* **Task details**
Reproduce exactly, from the data that follows, the line with "Man eating a", the line with "3 rows of square containers, lids, misc", and every line that lies between them.

* **Supplied information**
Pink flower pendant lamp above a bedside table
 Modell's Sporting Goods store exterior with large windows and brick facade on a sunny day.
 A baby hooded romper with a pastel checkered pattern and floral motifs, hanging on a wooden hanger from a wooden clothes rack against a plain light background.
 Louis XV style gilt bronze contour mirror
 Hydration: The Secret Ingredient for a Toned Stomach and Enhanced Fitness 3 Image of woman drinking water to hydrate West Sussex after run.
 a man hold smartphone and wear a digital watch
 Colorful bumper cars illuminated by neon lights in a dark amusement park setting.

---

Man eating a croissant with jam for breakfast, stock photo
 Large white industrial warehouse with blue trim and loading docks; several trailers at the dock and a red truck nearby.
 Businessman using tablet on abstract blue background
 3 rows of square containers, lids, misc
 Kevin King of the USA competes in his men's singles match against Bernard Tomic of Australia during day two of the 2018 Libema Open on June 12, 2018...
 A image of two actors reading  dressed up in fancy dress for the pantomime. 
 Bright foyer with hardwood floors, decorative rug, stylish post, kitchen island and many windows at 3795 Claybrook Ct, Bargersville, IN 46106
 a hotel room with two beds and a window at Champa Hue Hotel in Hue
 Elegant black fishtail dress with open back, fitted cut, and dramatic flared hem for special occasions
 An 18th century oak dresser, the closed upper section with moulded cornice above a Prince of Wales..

...

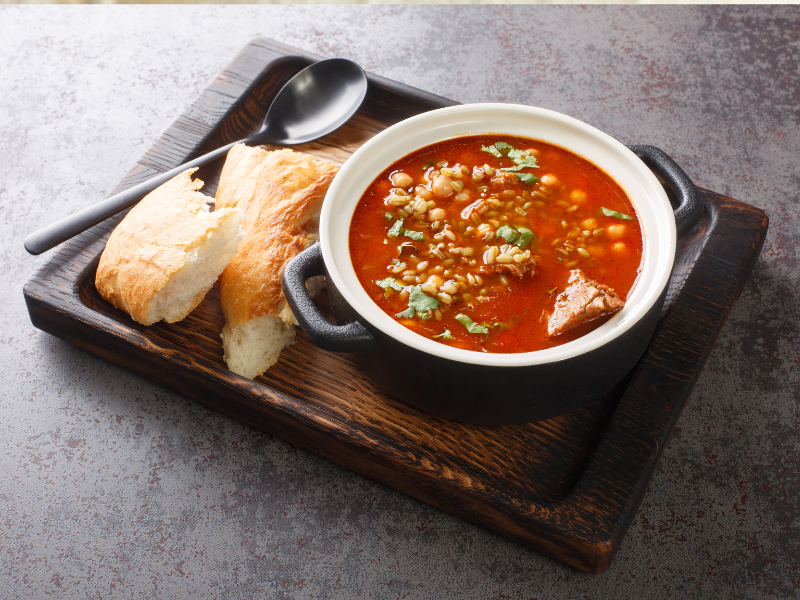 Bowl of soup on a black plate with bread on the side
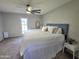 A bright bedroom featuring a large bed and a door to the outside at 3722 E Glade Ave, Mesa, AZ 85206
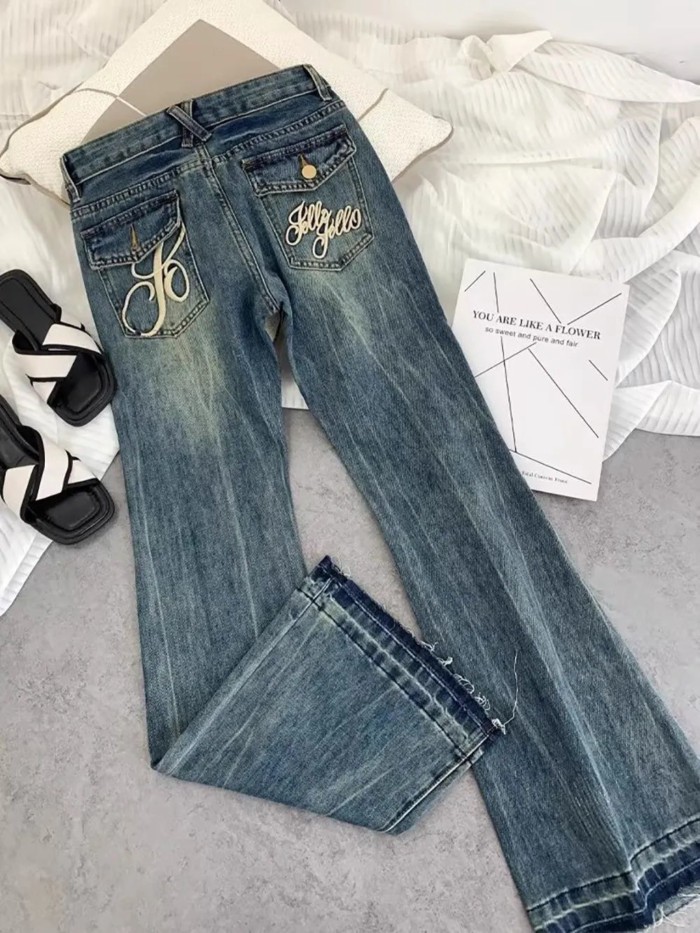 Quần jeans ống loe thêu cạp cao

* **Solution for this problem**
Man eating a croissant with jam for breakfast, stock photo
 Large white industrial warehouse with blue trim and loading docks; several trailers at the dock and a red truck nearby.
 Businessman using tablet on abstract blue background
 3 rows of square containers, lids, misc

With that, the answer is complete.